5. "5th National Convention" -- Cincinnati, OH -- Oct. 5 - 8, 1885

The 5th National Convention was held in Schäpperle's Hall in Cincinnati and was called to order on Monday, Oct. 5 by W.L. Rosenberg. It was attended by 31 delegates bearing the mandates of 41 sections of the SLP. The SLP was still organizationallly weaker than the American anarchist movement, which touted itself as being comprised of about 80 organized groups with a claimed membership of 7,000 and 11 newspapers in this interval. Nevertheless, the SLP's organizational free-fall was staved.

An "Official Protocol" of the 5th National Convention was published in German along with the revised Platform and Constitution of the Party (in German and English) as "No. 1" of the "Socialistic Library" series, Jan. 1, 1886.

 

In the Fall of 1886, a speaking tour was arranged by the SLP, bringing to the United States German Social Democratic leader Wilhelm Liebknecht , Karl Marx's daughter Eleanor Marx Aveling, and her husband Edward Aveling. Liebknecht addressed crowds in German, while the Avelings spoke in English.
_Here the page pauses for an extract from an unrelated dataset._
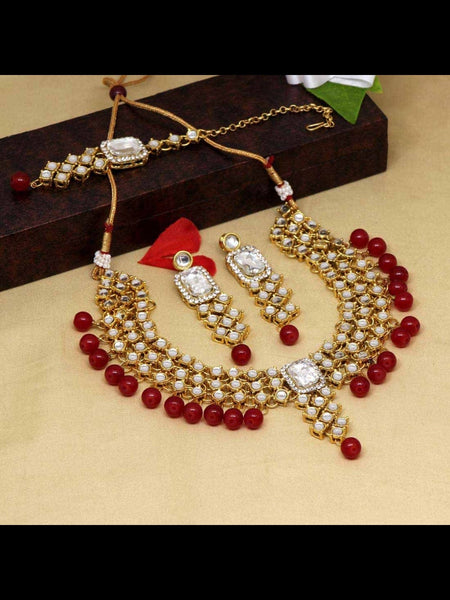 Pearl Indian Jewelry - Kundan & Pearl Necklace with Tikka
They later published a brief account of their visit, including a description of the SLP with a prediction of its future development.

 

In November 1886, the New Haven, CT weekly The Workmen's Advocate, edited by J.F. Busche, was adopted as an SLP publication, giving the organization its first official English language voice since loss of The Socialist in 1878.

 

6. "6th National Convention" -- Buffalo, NY -- Sept. 17 - 21, 1887

The 6th National Convention of the SLP was attended by 37 delegates, representing 32 of the party's approximately 70 sections.

The gathering addressed the relationship between the SLP and the International Working-Men's Association, which was organized late in 1881 and consisted primarily of West Coast working men and farmers. The IWMA was anti-electoral, with the group stating that "if universal suffrage had been capable of emancipating the working people from the rule of the loafing class, it would have been taken away from them before now, and we have no faith in the ballot as a means of righting the wrongs under which the masses groan." A program of unity between the SLP and the IWMA could not be achieved, however, and by the end of the 1880s the latter group had slipped into oblivion. The SLP remained deeply divided between Lassalleans (who believed in the efficacy of political action the need to concentralte on electoral politics first and foremost) and Marxists (who believed that electoral politics was futile and that successful organization must take place in the realm of the trade unions). The party press was similarly split, the English language organ The Workmen's Advocate and the German Der Sozialist favoring electoral politics over trade union activity, while the New Yorker Volkszeitung, edited at this time by Alexander Jonas and Sergei Schevitsch, staunchly advocated a program almost exclusively concentrating upon trade union organization.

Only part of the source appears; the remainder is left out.